What Iran desires is a nuclear weapon–the better to threaten and annihilate the impious in the West and in Iran’s neighborhood. Iran declares its anti-Western ambitions stridently. At an official parade in 2004, Iran flaunted a missile draped with a banner declaring that: “We will crush America under our feet.” (Its leaders, moreover, have for years repeated the demand that “Israel must be wiped off the map.”)

A committed enemy of the West, Iran is the ideological wellspring of Islamic terrorism, and the “world’s most active sponsor of terrorism” (according to the U.S. government). A totalitarian regime that viciously punishes “un-Islamic” behavior among its own citizens, Iran actively exports its contempt for freedom and human life throughout the infidel world. For years it has been fomenting and underwriting savage attacks on Western and American interests, using such proxies as Hezbollah. Like several of the 9/11 hijackers before them, many senior al-Qaida leaders, fugitives of the Afghanistan war, have found refuge in Iran. And lately Iran has funneled millions of dollars, arms and ammunition to insurgents in Iraq.

It’s absurd to think that by offering Iran rewards to halt its aggression, we will deflect it from its goal.

The only consequence of engaging such a vociferously hostile regime in negotiations is the whitewashing of its crimes and the granting of undeserved legitimacy. The attempt to conciliate Iran has further inflamed the boldness of Iran’s mullahs. What it has taught them is that the West lacks the intellectual self-confidence to name its enemies and deal with them accordingly. It has vindicated the mullahs’ view that their religious worldview can bring a scientific, technologically advanced West to its knees.

Whether or not negotiations yield a deal, “diplomacy” abets Iran. The deal would have sustained Iran’s economy, propped up its dictatorial government and perpetuated its terrorist war against the West.

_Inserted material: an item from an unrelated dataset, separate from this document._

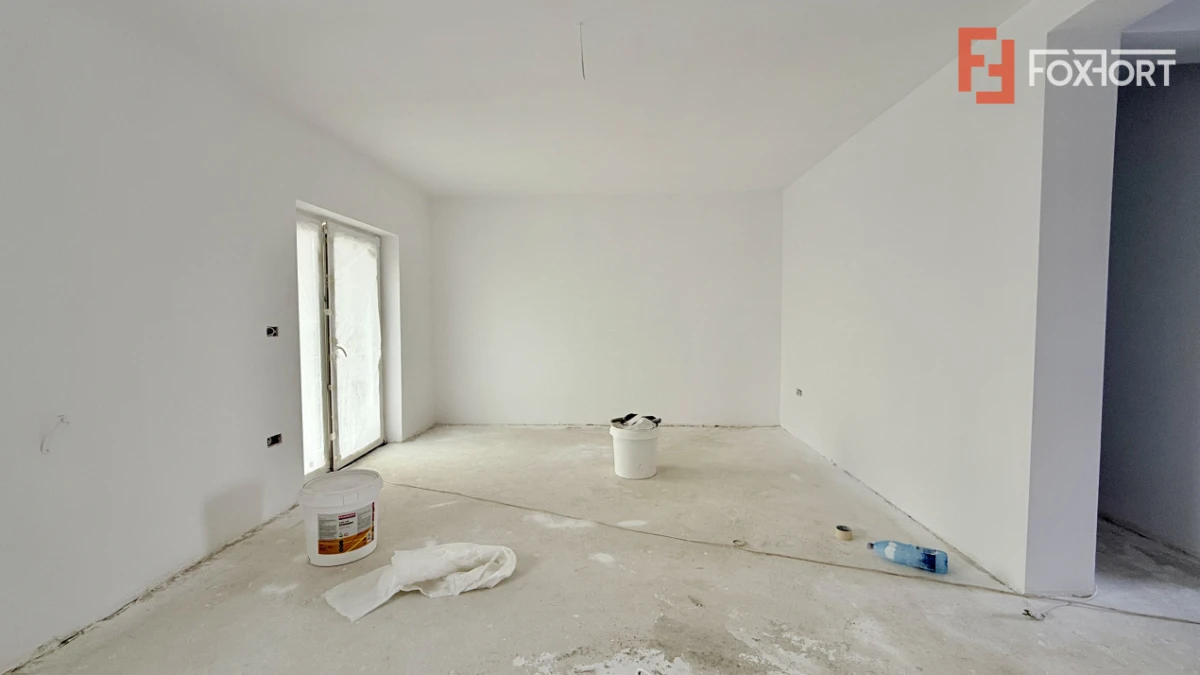 Duplex de vanzare, 4 camere cu toate utilitatile - Mosnita Noua - 3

But even without a deal, simply by prolonging “negotiations,” Iran grows stronger because it gains time to continue covert nuclear-weapons research.

This approach of diplomacy-with-anyone-at-any-cost necessarily results in nourishing one’s enemy and sharpening its fangs. That is what happened under a 1994 deal with communist North Korea. After endless negotiations and offers of aid, North Korea promised not to develop nuclear weapons. When the North was caught cheating on its pledge, the West pursued yet more negotiations, and the North eventually promised anew to end its nuclear program. In February 2005 North Korea declared (plausibly) that it had succeeded in building nuclear weapons.

Another, older, attempt to negotiate with an avowed enemy was a cataclysmic failure. In 1938 the Europeans pretended that Hitler’s intentions were not really hostile, and insisted that “peace in our time” could be brokered diplomatically (by letting him take Czechoslovakia). The negotiations afforded him time to build his military machine and emboldened him to launch World War II.

Ignoring the lessons of history, the Europeans embarked on negotiations with Iran that likewise sought the reckless pretence of peace today, at the cost of unleashing catastrophic dangers tomorrow.

To protect American (and European) lives, we must learn the life-or-death importance of passing objective moral judgment. By any rational standard, Iran should be condemned and its nuclear ambition thwarted, now. The brazenly amoral European gambit has only aided its quest–and will entail a future confrontation with a bolder, stronger Iran.